EXERCISE INSTRUCTIONS: Beginning at the line containing "RedTail-332.jpg", give again every line through the end of the data, unchanged and with both ends included. Drop any pictures.

[Collected data entries]

****************************************

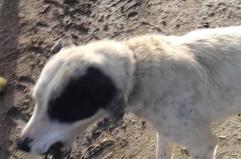 San Severo, cane trovato con un gancio conficcato in bocca: salvata dai volontari Enpa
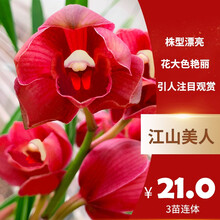 刘阁兰花苗 新品经典色花荷瓣 江山美人 冬带花苞出售阳台好养花卉盆栽 江山美人3苗连体，送花肥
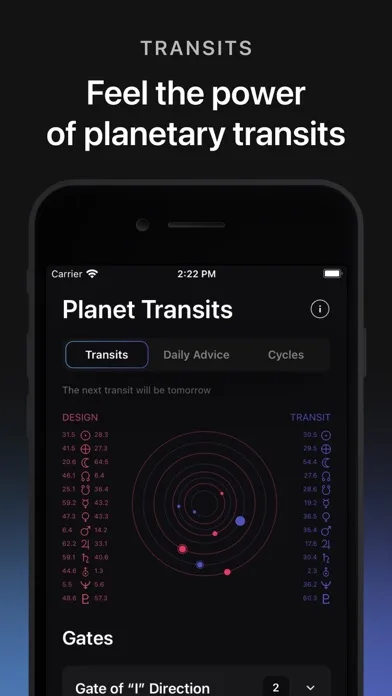 Human Design: Дизайн человека screenshot 4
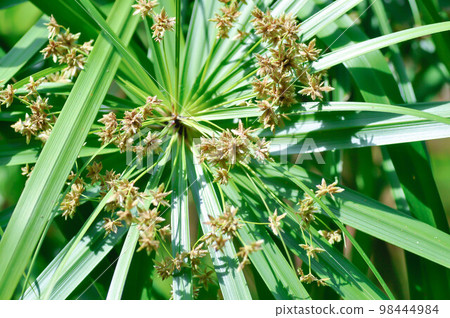 Cyperus alternifolius L, Cyperus alternifolius subsp or cyperus altoniforus or Cyperus flabelliformis Rottb or Cyperus involucratus Rottb or flabelliformis or Flatsedge or Umbrella plant Cyperus alternifolius L, Cyperus alternifolius subsp or cyperus altoniforus or Cyperus flabelliformis Rottb or Cyperus involucratus Rottb or flabelliformis or Flatsedge or Umbrella plant 98444984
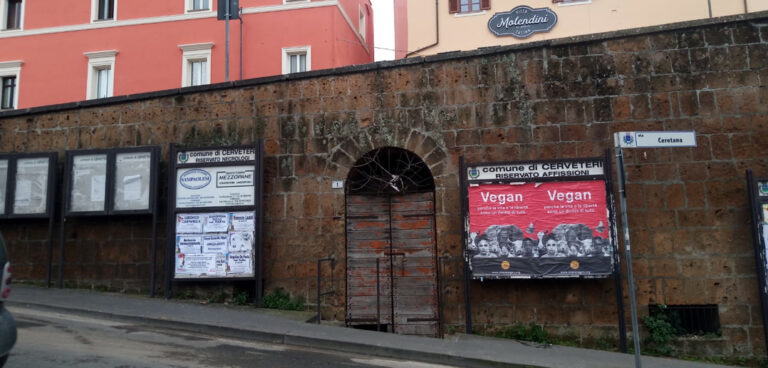 manifesti antispecisti cerveteri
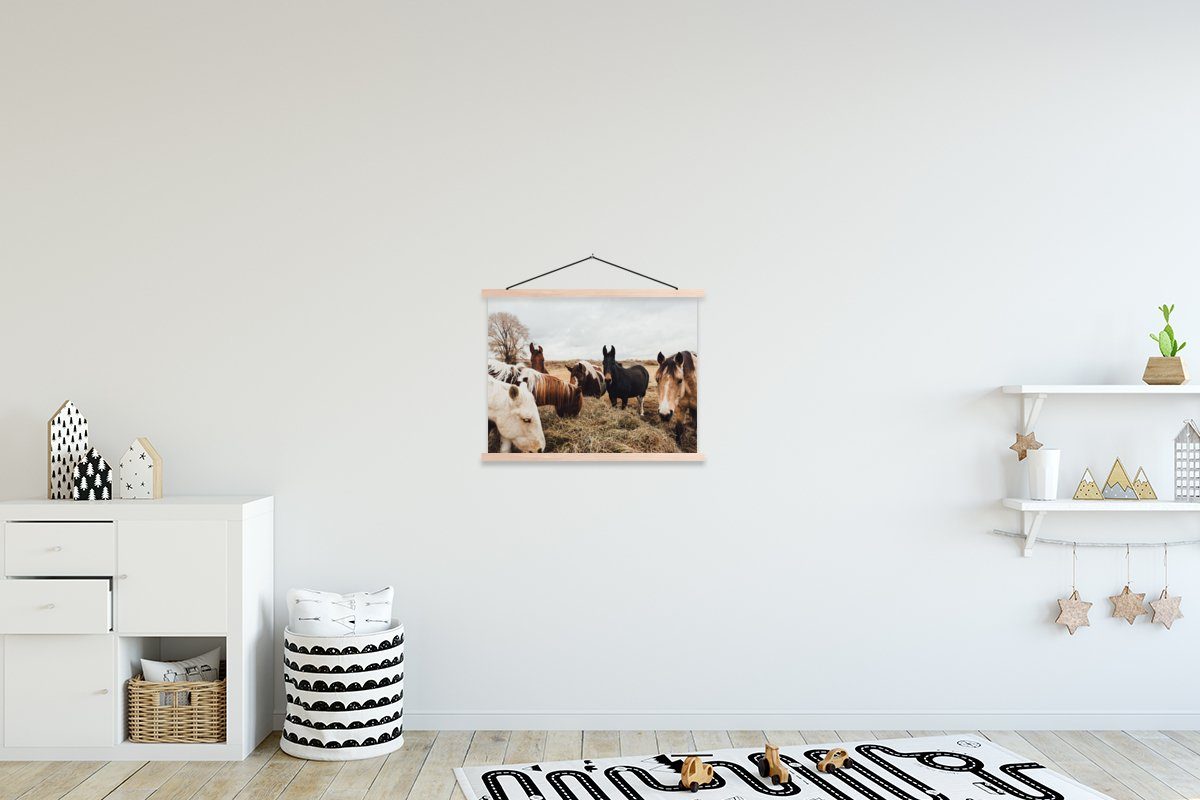 MuchoWow Poster Tiere - Pferd, (1 St), Posterleiste, Textilposter für Wohnzimmer, Bilderleiste, Magnetisch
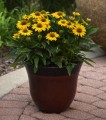 Echinacea-purpurea Sombrero Compact Yellow.jpg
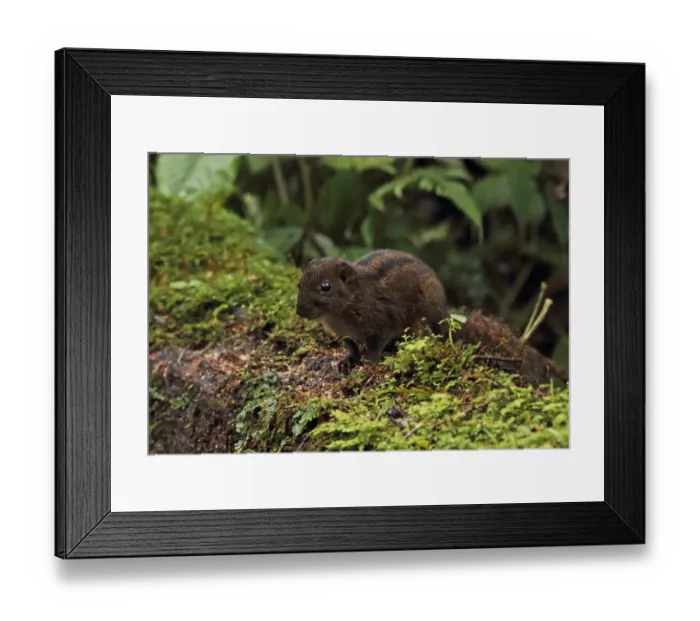 Framed Print : Three-striped Ground Squirrel (Lariscus insignis) adult, standing on mossy log, Kerinci Seblat N. P Framed Print : Three-striped Ground Squirrel (Lariscus insignis) adult, standing on mossy log, Kerinci Seblat N. P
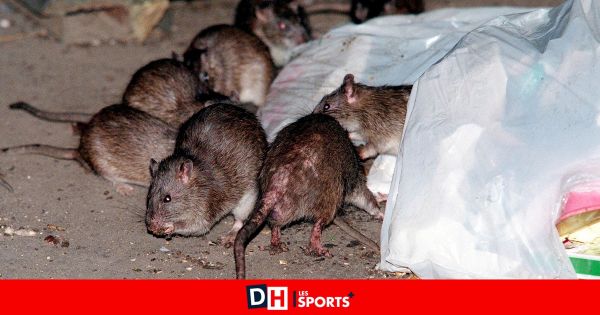La ville de Genk utilise des pièges numériques pour contrôler la propagation des rats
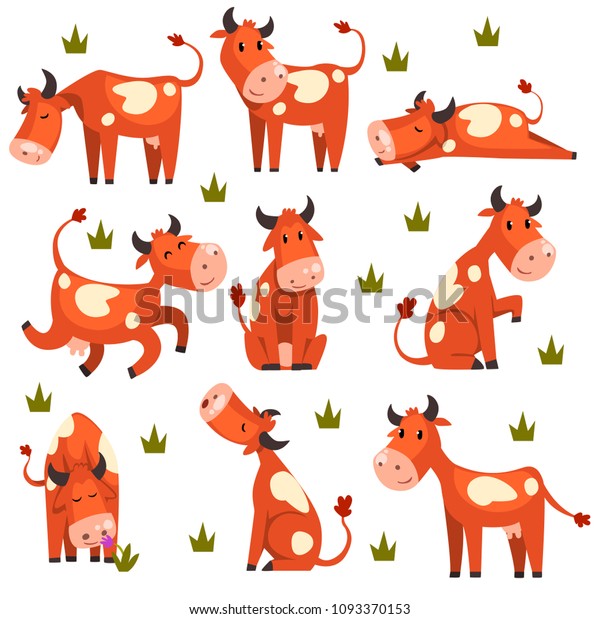 Brown spotted cow\
set, farm animal character in various poses vector Illustrations on\
a white background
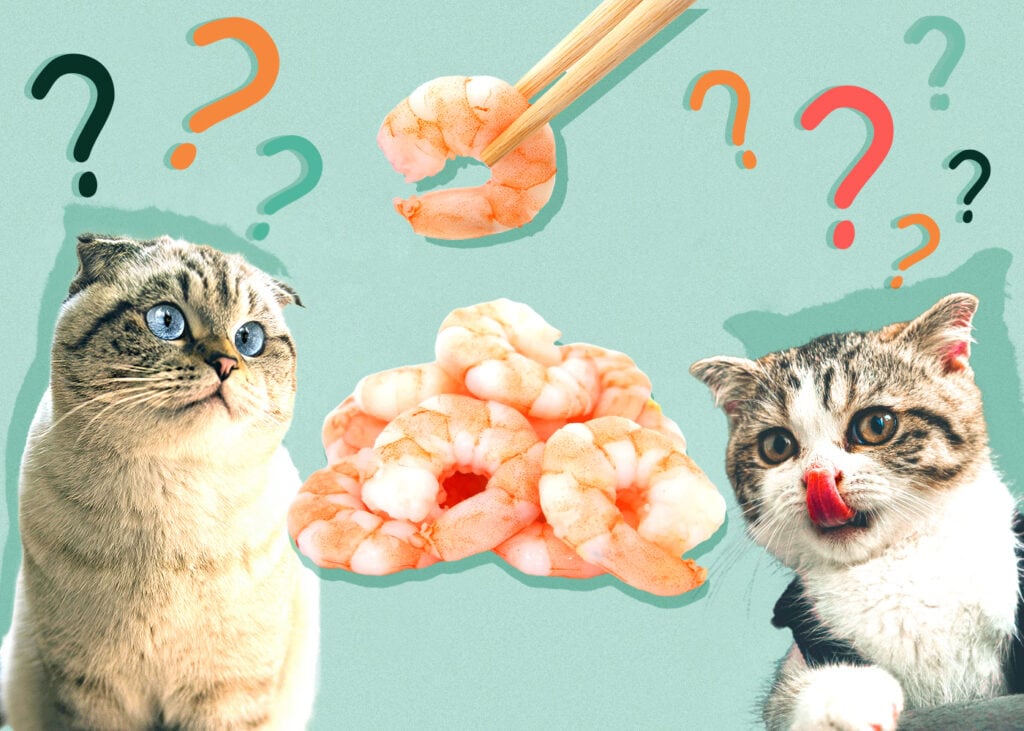 Can Cats Eat Shrimp? Vet-Reviewed Nutrition Facts & FAQ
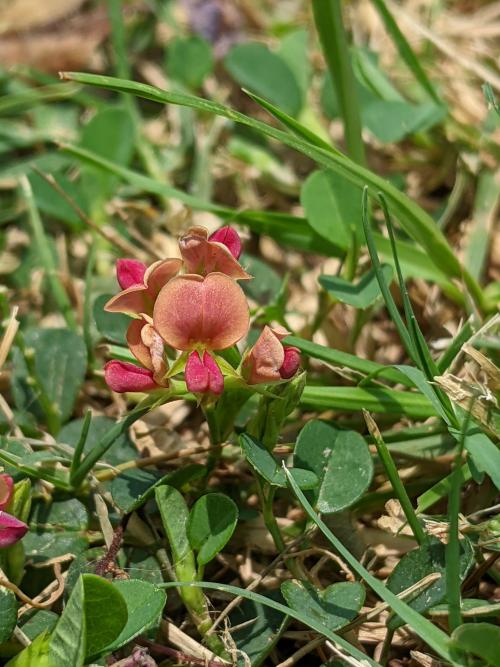 鏈莢豆 練莢豆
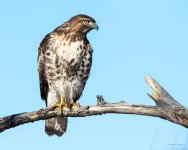 RedTail-332.jpg
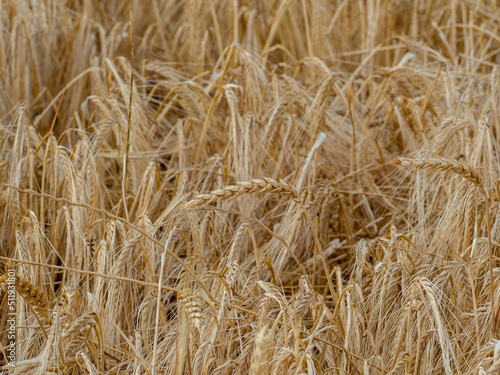 The ears of wheat with grain shake the wind. The cereal harvest ripens in summer. Ears of wheat against the sky in the sun. Grain field. It s time to harvest. Agricultural business. Organic wheat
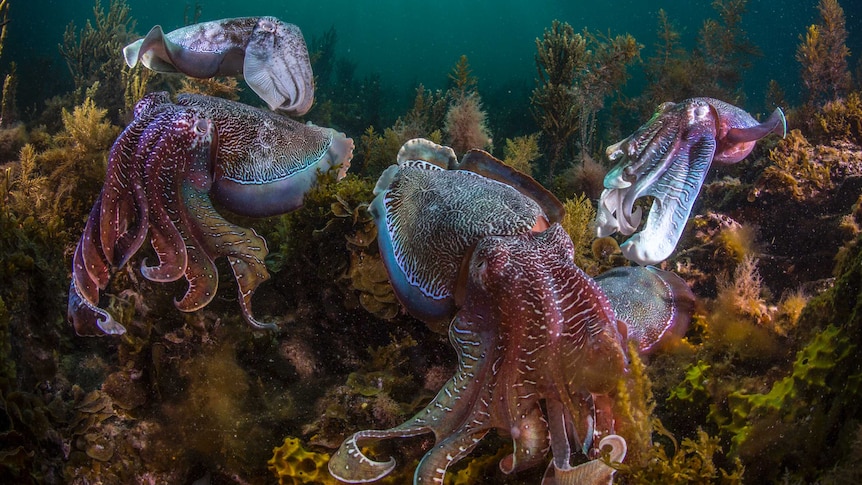 Giant Australian cuttlefish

****************************************

ANSWER:
 RedTail-332.jpg
 The ears of wheat with grain shake the wind. The cereal harvest ripens in summer. Ears of wheat against the sky in the sun. Grain field. It s time to harvest. Agricultural business. Organic wheat
 Giant Australian cuttlefish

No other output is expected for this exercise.